Skip to content

Long-context

More details are coming soon!

Supported benchmarks

ruler

mrcr

aalcr

Data preparation.

ns prepare_data \
    --data_dir=/workspace/ns-data \
    --cluster=<cluster_config> \
    aalcr
You can also prepare a subset of the data with limited context window.
    --max_context_window 100000 --setup test_100k

Running evaluation.

This setup follows the official AA-LCR implementation. The judge model is Qwen3-235B-A22B-Instruct-2507, and the evaluation is repeated four times.

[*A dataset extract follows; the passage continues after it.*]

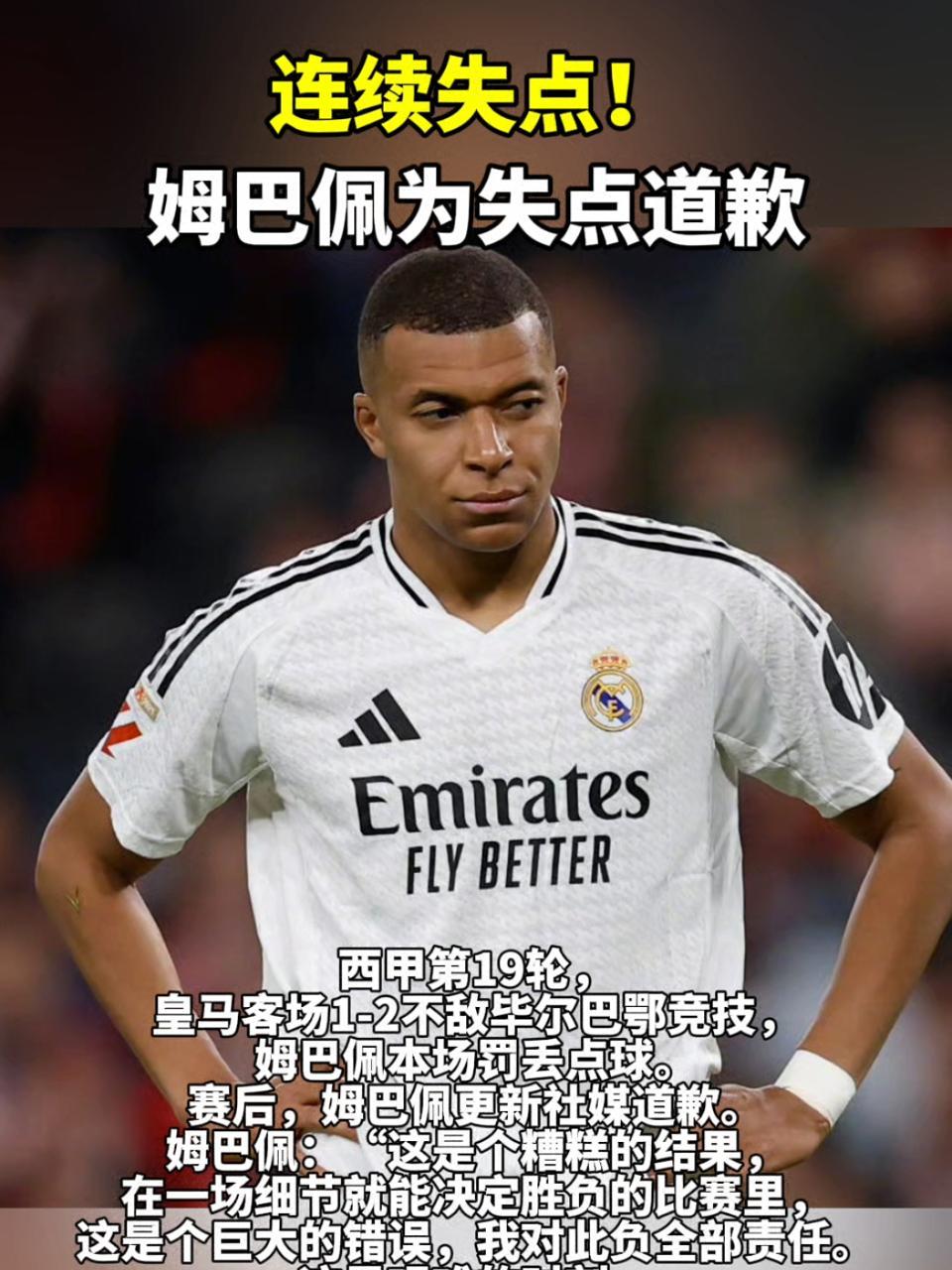 姆巴佩爆冷击败美国队,比分优势明显引爆全场!的简单介绍 姆巴佩爆冷击败美国队,比分优势明显引爆全场!的简单介绍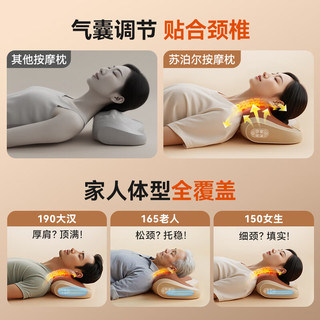  SUPOR/苏泊尔 全身按摩 颈椎按摩器  榛果棕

model=Qwen2.5-7B-Instruct-1M
ns eval \
    --cluster=<cluster_config> \
    --data_dir=/workspace/ns-data \
    --server_gpus=8 \
    --server_type=sglang \
    --model=/hf_models/$model \
    --benchmarks=aalcr:4 \
    --output_dir=/workspace/aalcr/$model \
    --judge_model='/hf_models/Qwen3-235B-A22B-Instruct-2507' \
    --judge_server_type='sglang' \
    --judge_server_gpus=8 \
    --server_args='--disable-cuda-graph' \
The results, including per-category scores, are stored in metrics.json. Detailed breakdowns by category and sequence length are also available via
ns summarize_results --cluster=<cluster_config> <folder_of_output_json>